Stored items from a collection:
━━━━━━━━━━━━━━━━━━━━━━━━━━━━━━

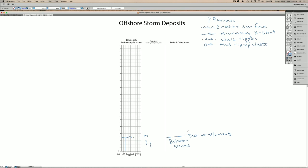the storm starts waning or the currents and waves are decreasing through time. So the storm retreating or migrating offshore. So in general, after the peak passes, the sediment, the ability to transport sediment decreases, and so the coarser grains are deposited first and then the finer grains.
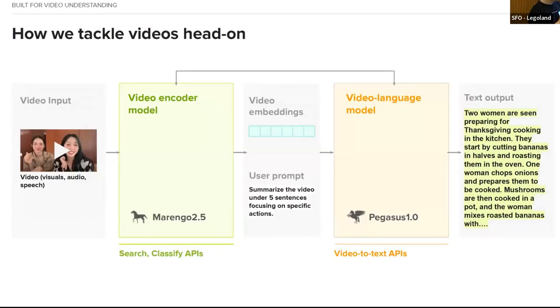We've built a product flywheel where making one model better makes the other better too. For example, if we make the Marengo model better and create better embeddings, it improves Pegasus — and vice versa, where improving Pegasus helps us label more robust training data for Marengo.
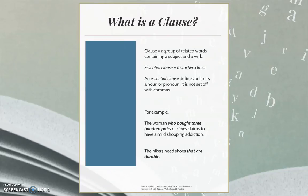Furthermore, if you remove a restrictive modifier from a sentence, the meaning of the sentence changes significantly, becoming more general than you intended. In these sentences, the bolded word groups or modifiers are essential and therefore not set off with commas.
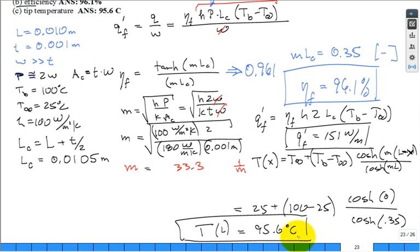That solves the problem. To wrap up: next time we'll cover the last topic in this section, which is an array of fins. Then we'll try to do a little review on Tuesday for the exam on Thursday.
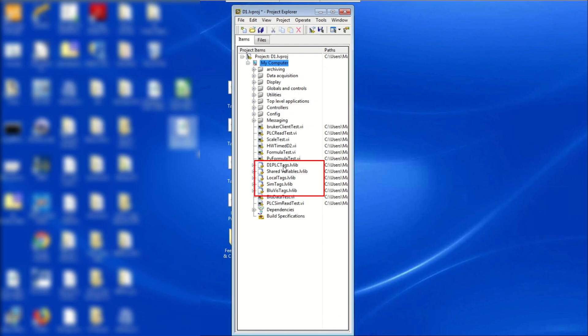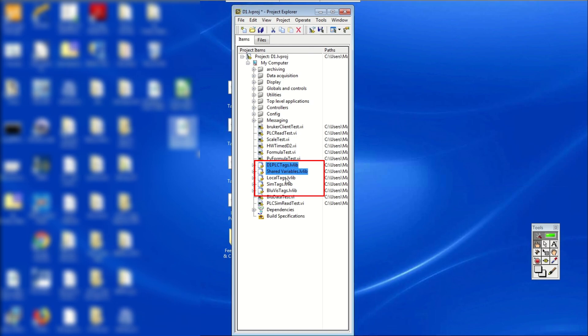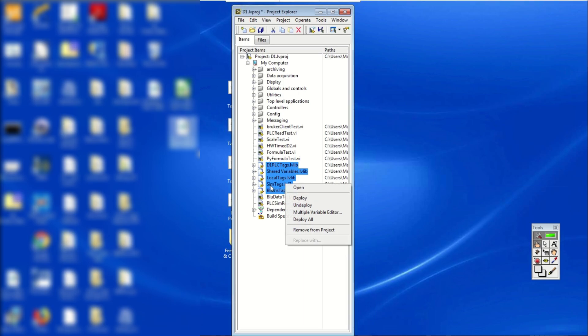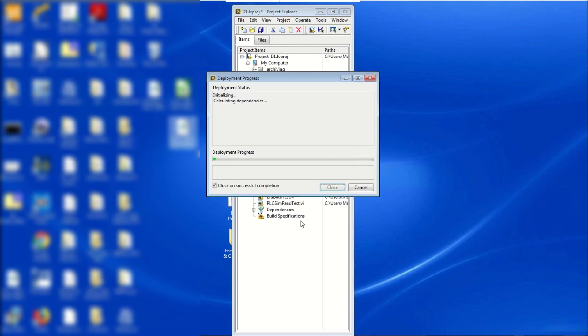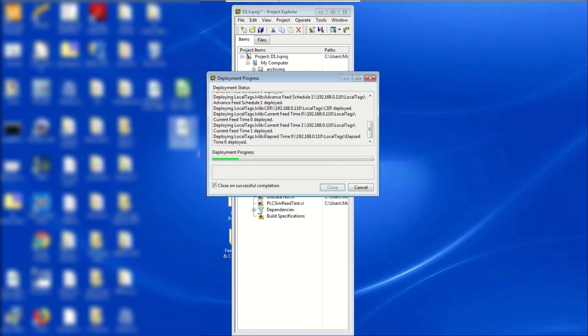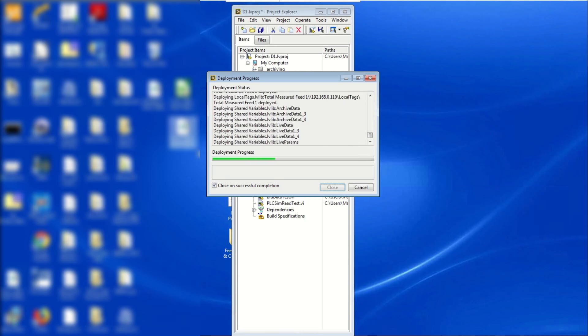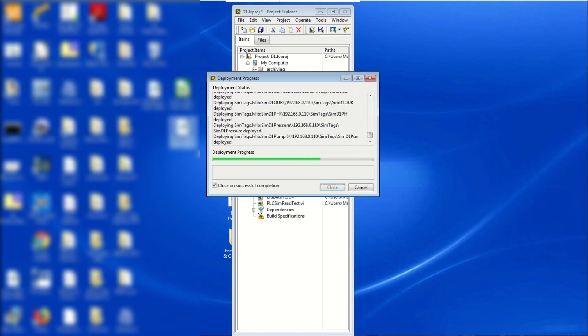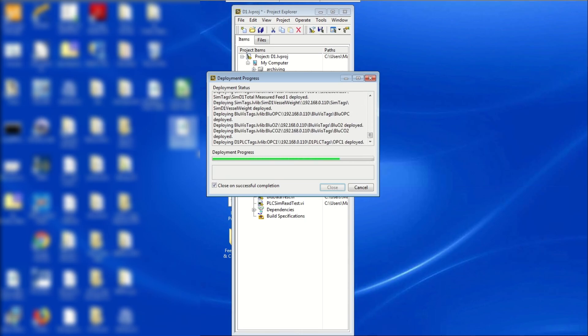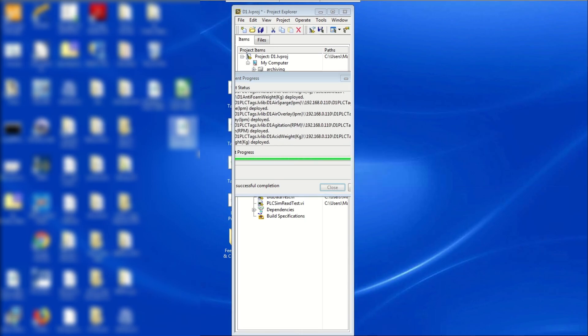To deploy all 5 files at the same time, hold the Control button on the keyboard and click each .lvlib file until all are highlighted. Then, let go of the Control key. Right-click on the highlight and click Deploy All. A deployment progress window will then appear. Once the deployment progress is complete for all 5 files, the window will close automatically.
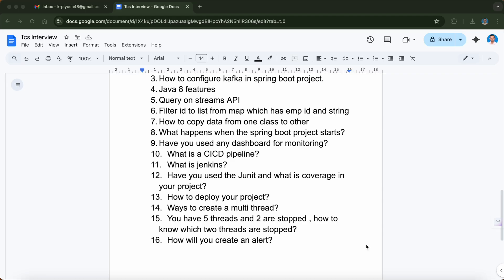They also wanted to know how to deploy your project. As I mentioned regarding CI/CD and other tools, you should know how a project gets deployed in the real world. There were also multi-threading questions — for example, how many ways can you create a thread, which has two ways. Then they gave a scenario: if you have five threads and two of them are stopped, how do you identify which two are stopped?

━━━━━━━━━━━━━━━━━━━━━━━━━━━━━━

* [Work item]:
Using the data above, return the lines from the one holding "Furthermore, if you" through the one holding "To deploy all" exactly, but not the pictures.

* [Answer for the task]:
Furthermore, if you remove a restrictive modifier from a sentence, the meaning of the sentence changes significantly, becoming more general than you intended. In these sentences, the bolded word groups or modifiers are essential and therefore not set off with commas.
That solves the problem. To wrap up: next time we'll cover the last topic in this section, which is an array of fins. Then we'll try to do a little review on Tuesday for the exam on Thursday.
To deploy all 5 files at the same time, hold the Control button on the keyboard and click each .lvlib file until all are highlighted. Then, let go of the Control key. Right-click on the highlight and click Deploy All. A deployment progress window will then appear. Once the deployment progress is complete for all 5 files, the window will close automatically.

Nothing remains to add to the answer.